• WHAT TO PRODUCE:
Below this line are records; write out exactly the lines from the one containing "And in addition" through the one containing "Oh boy, we got", with the pictures left out.

• Stored dataset items:
- - - -
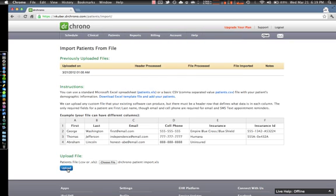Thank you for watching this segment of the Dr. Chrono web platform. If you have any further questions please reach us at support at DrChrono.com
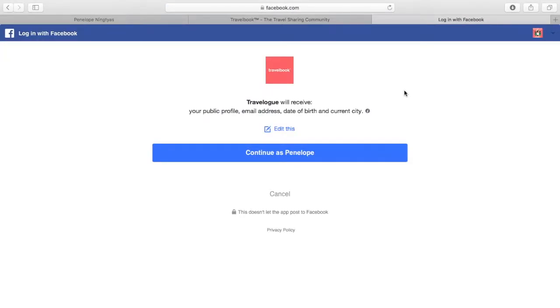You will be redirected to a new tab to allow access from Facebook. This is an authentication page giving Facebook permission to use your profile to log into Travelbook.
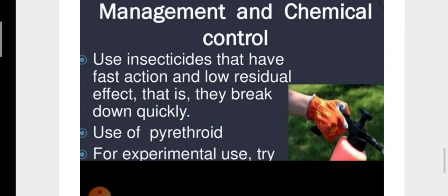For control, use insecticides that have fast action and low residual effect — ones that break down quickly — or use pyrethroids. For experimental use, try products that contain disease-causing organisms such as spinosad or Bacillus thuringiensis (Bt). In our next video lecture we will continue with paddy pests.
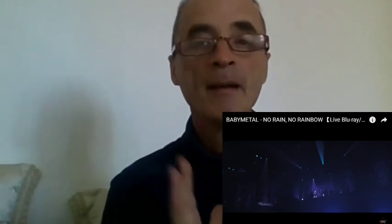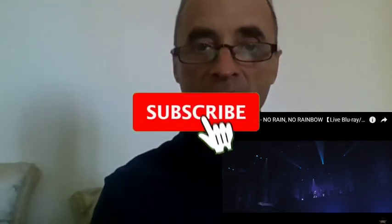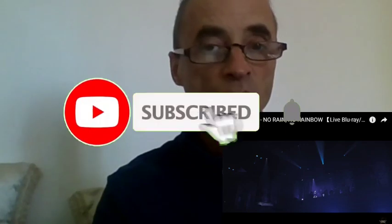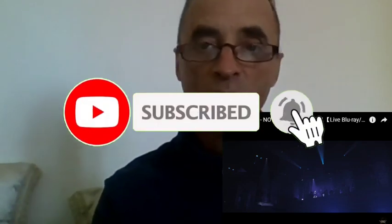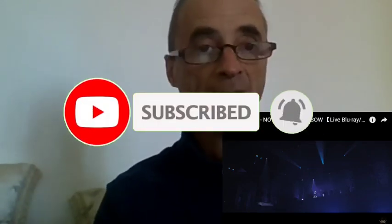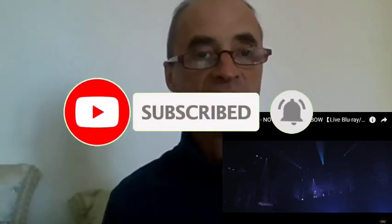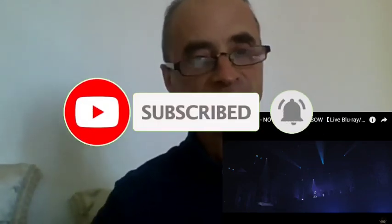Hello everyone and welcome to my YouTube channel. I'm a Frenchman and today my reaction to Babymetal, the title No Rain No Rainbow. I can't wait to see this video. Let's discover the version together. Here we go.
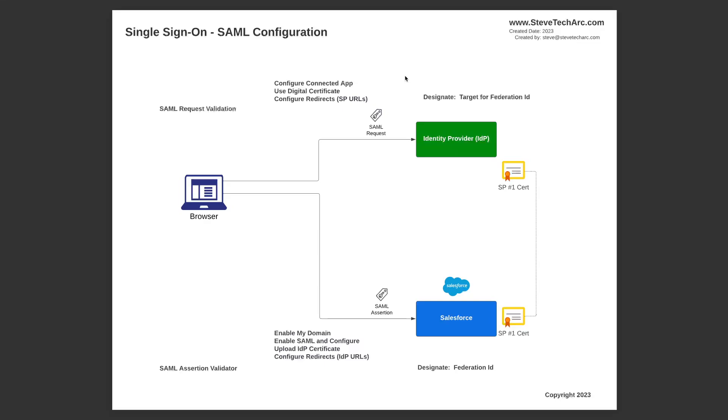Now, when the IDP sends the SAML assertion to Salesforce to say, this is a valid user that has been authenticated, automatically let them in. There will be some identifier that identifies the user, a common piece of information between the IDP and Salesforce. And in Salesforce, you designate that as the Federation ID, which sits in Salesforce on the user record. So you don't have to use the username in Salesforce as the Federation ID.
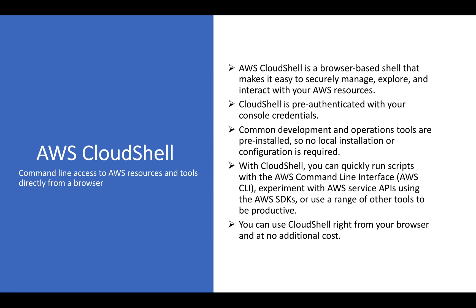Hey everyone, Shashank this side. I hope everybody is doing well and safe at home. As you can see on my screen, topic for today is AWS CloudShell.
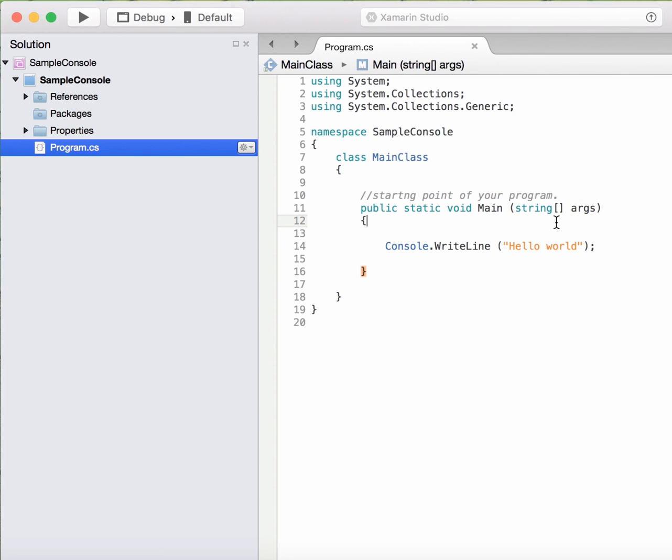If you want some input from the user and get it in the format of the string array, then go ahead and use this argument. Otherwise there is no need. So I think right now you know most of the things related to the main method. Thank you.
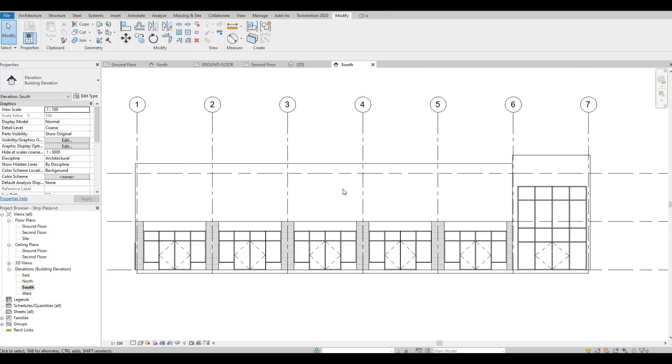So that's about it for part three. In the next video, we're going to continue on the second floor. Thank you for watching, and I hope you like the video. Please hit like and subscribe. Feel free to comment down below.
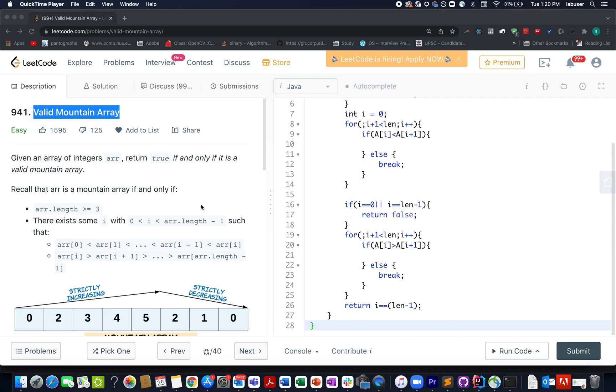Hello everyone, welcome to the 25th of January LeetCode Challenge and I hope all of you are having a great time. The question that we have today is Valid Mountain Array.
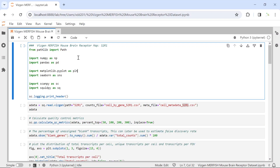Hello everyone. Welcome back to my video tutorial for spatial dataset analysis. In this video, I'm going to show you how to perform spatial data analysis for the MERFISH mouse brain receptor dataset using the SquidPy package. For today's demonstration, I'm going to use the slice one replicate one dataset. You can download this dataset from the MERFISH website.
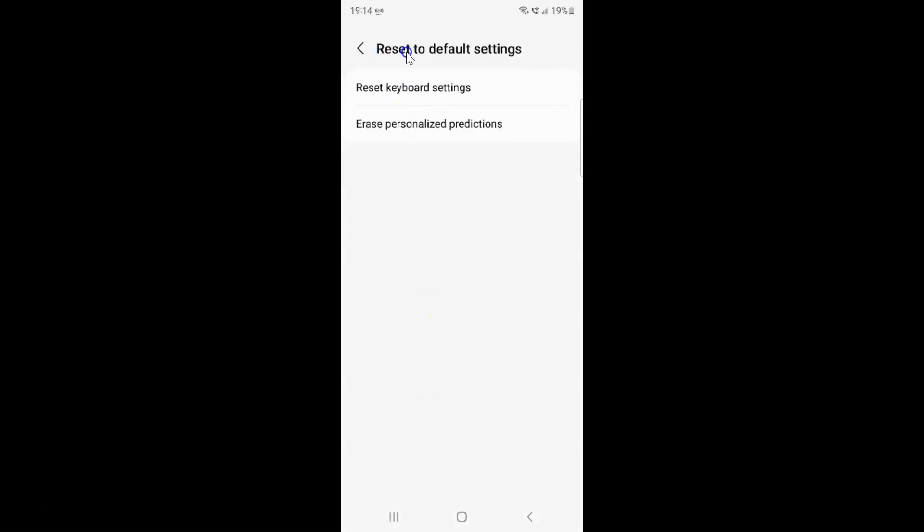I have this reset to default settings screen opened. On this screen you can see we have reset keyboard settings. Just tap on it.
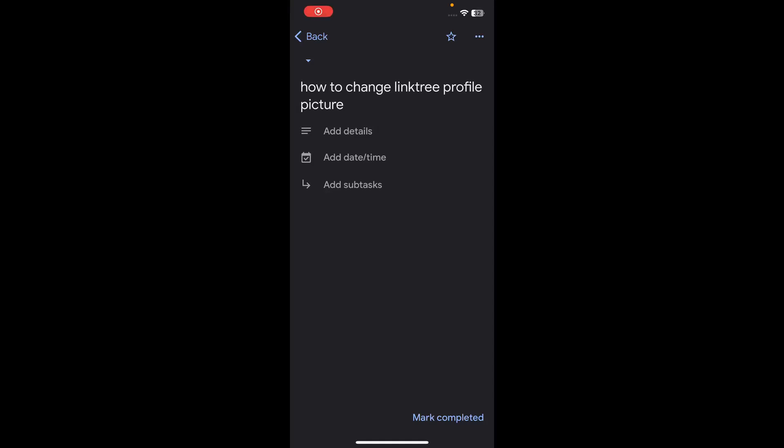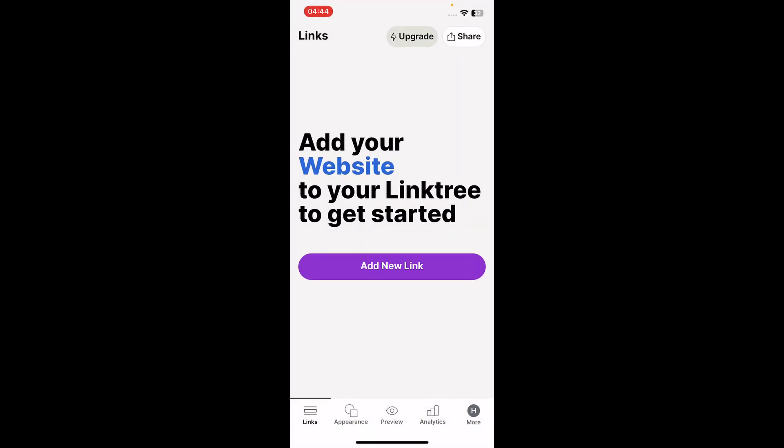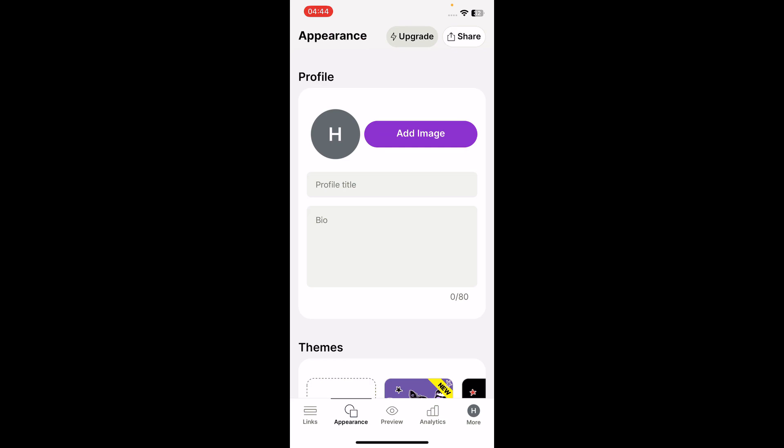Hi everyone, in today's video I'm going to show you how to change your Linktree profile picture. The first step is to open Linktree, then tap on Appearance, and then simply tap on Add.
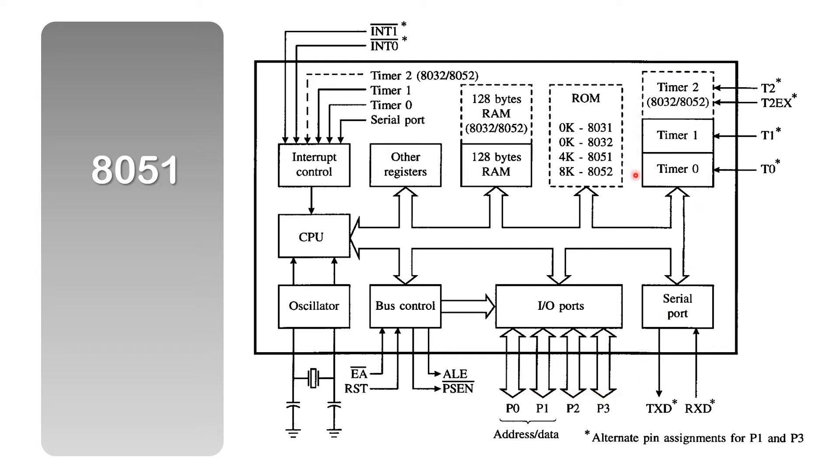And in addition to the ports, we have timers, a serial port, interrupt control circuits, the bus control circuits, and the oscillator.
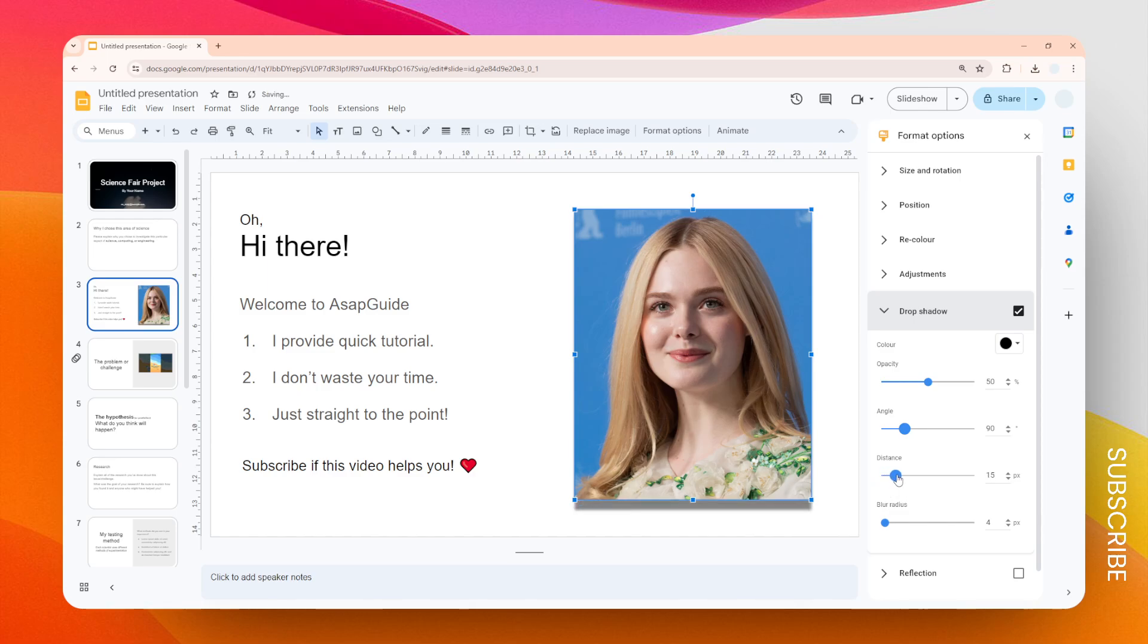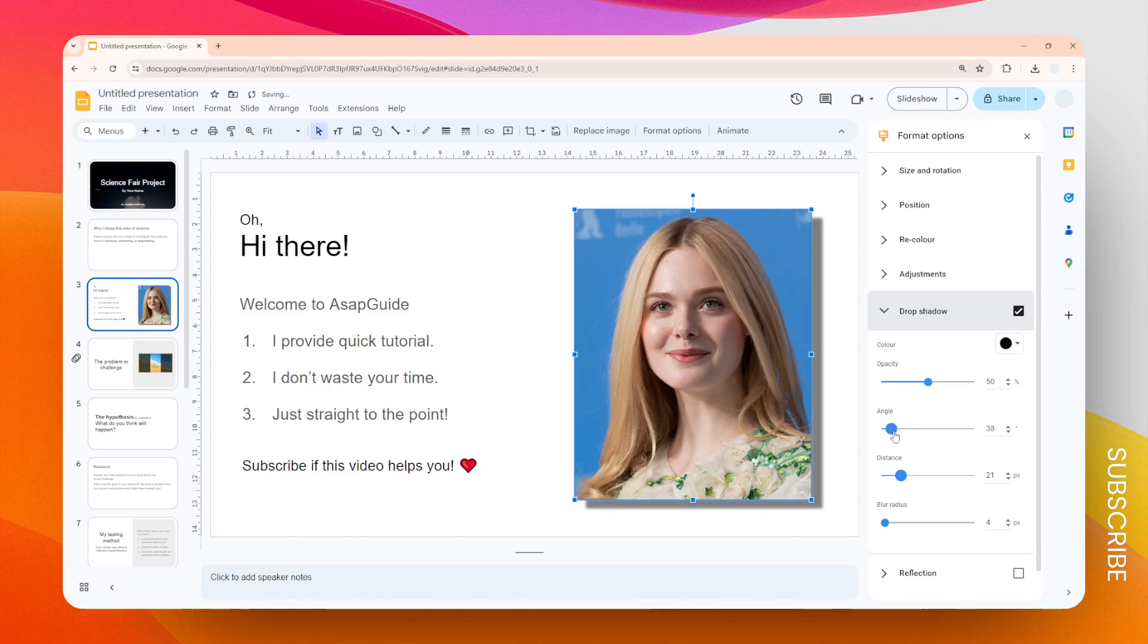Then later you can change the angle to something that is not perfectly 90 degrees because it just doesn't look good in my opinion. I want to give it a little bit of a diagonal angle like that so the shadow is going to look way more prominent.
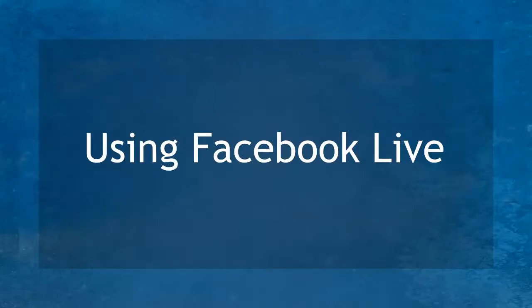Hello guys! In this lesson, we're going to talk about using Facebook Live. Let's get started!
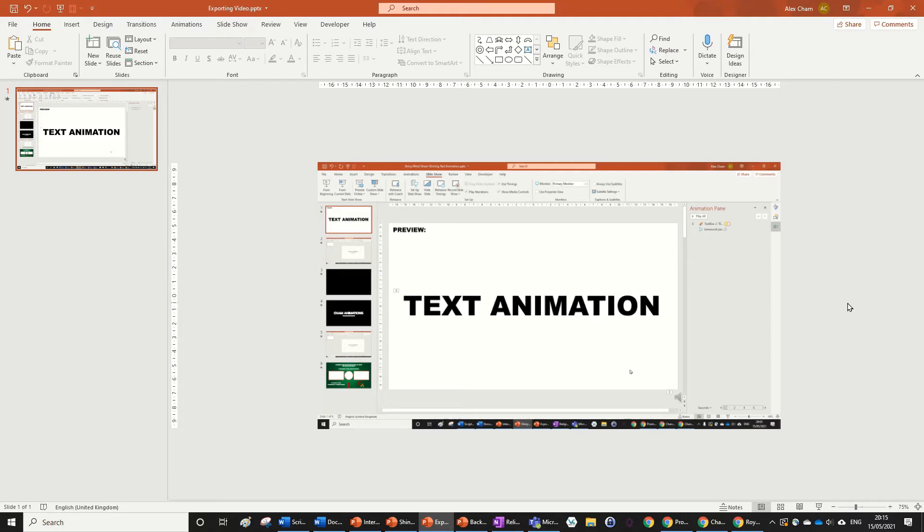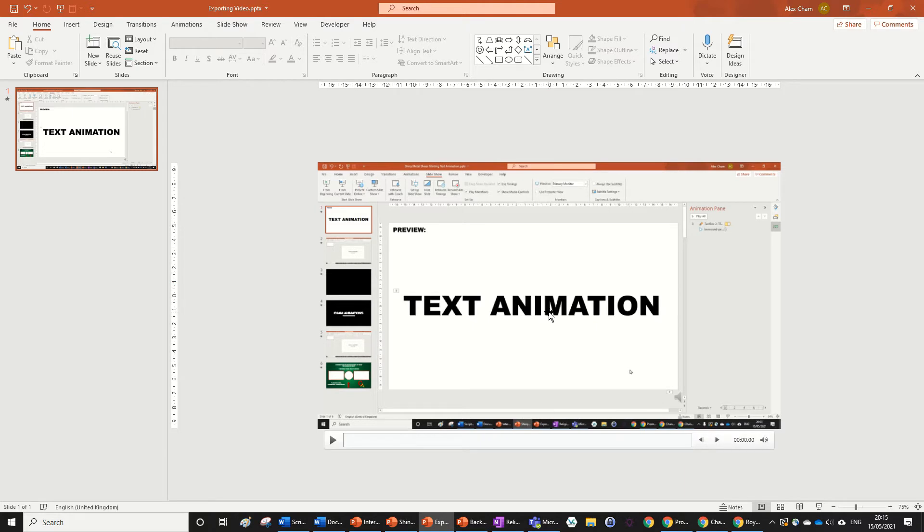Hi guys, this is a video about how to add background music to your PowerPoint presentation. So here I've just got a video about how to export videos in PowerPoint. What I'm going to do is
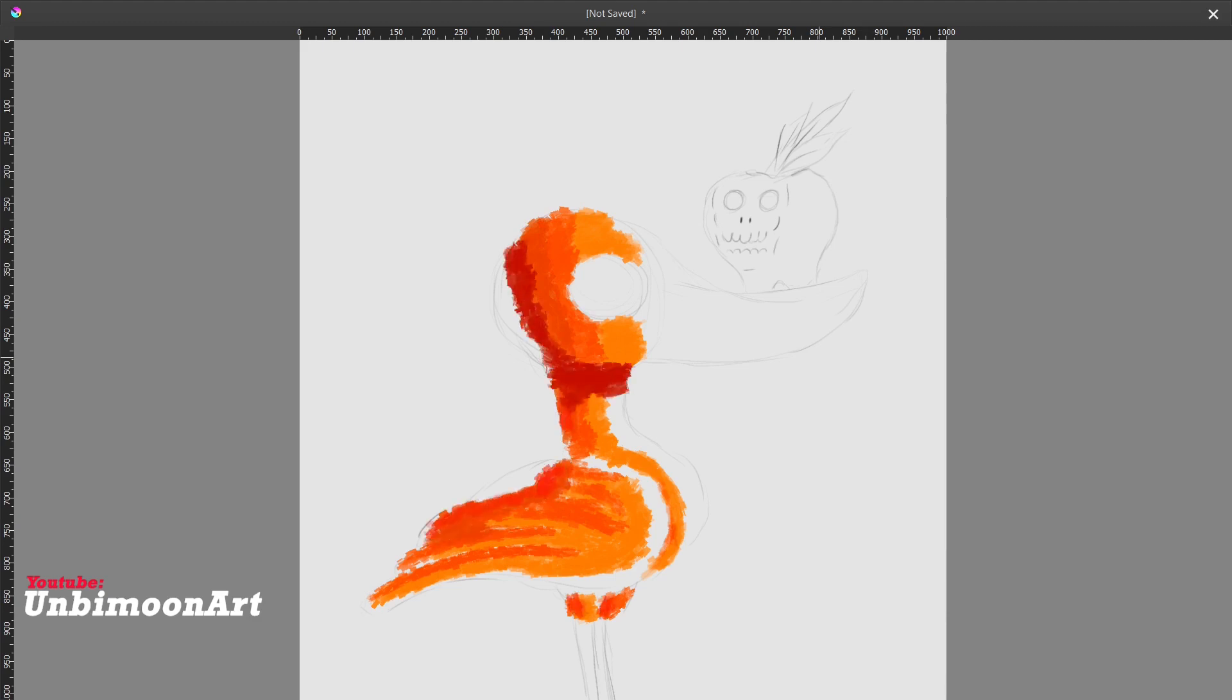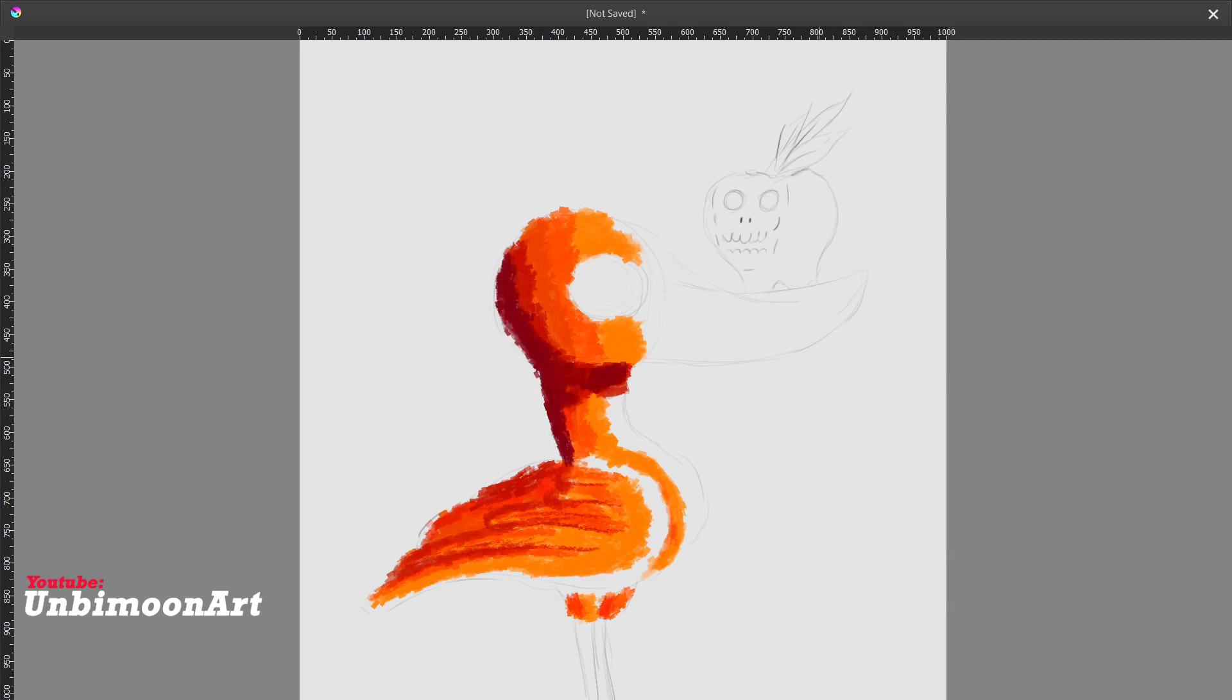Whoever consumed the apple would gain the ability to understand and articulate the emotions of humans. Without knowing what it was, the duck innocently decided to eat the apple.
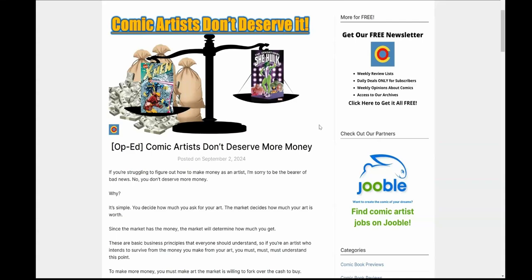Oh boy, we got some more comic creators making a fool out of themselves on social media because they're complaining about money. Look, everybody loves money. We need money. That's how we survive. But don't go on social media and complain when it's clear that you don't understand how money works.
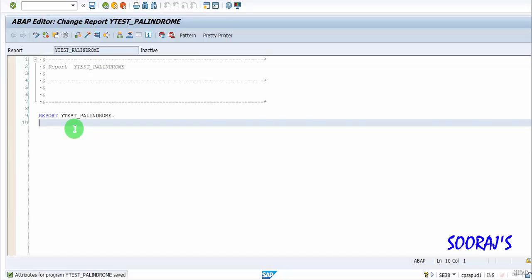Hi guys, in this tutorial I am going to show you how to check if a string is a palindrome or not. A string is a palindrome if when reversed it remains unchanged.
- - - -
• SOLUTION FOR THIS TASK:
And in addition to the ports, we have timers, a serial port, interrupt control circuits, the bus control circuits, and the oscillator.
Then later you can change the angle to something that is not perfectly 90 degrees because it just doesn't look good in my opinion. I want to give it a little bit of a diagonal angle like that so the shadow is going to look way more prominent.
Hello guys! In this lesson, we're going to talk about using Facebook Live. Let's get started!
Hi guys, this is a video about how to add background music to your PowerPoint presentation. So here I've just got a video about how to export videos in PowerPoint. What I'm going to do is
Whoever consumed the apple would gain the ability to understand and articulate the emotions of humans. Without knowing what it was, the duck innocently decided to eat the apple.
Oh boy, we got some more comic creators making a fool out of themselves on social media because they're complaining about money. Look, everybody loves money. We need money. That's how we survive. But don't go on social media and complain when it's clear that you don't understand how money works.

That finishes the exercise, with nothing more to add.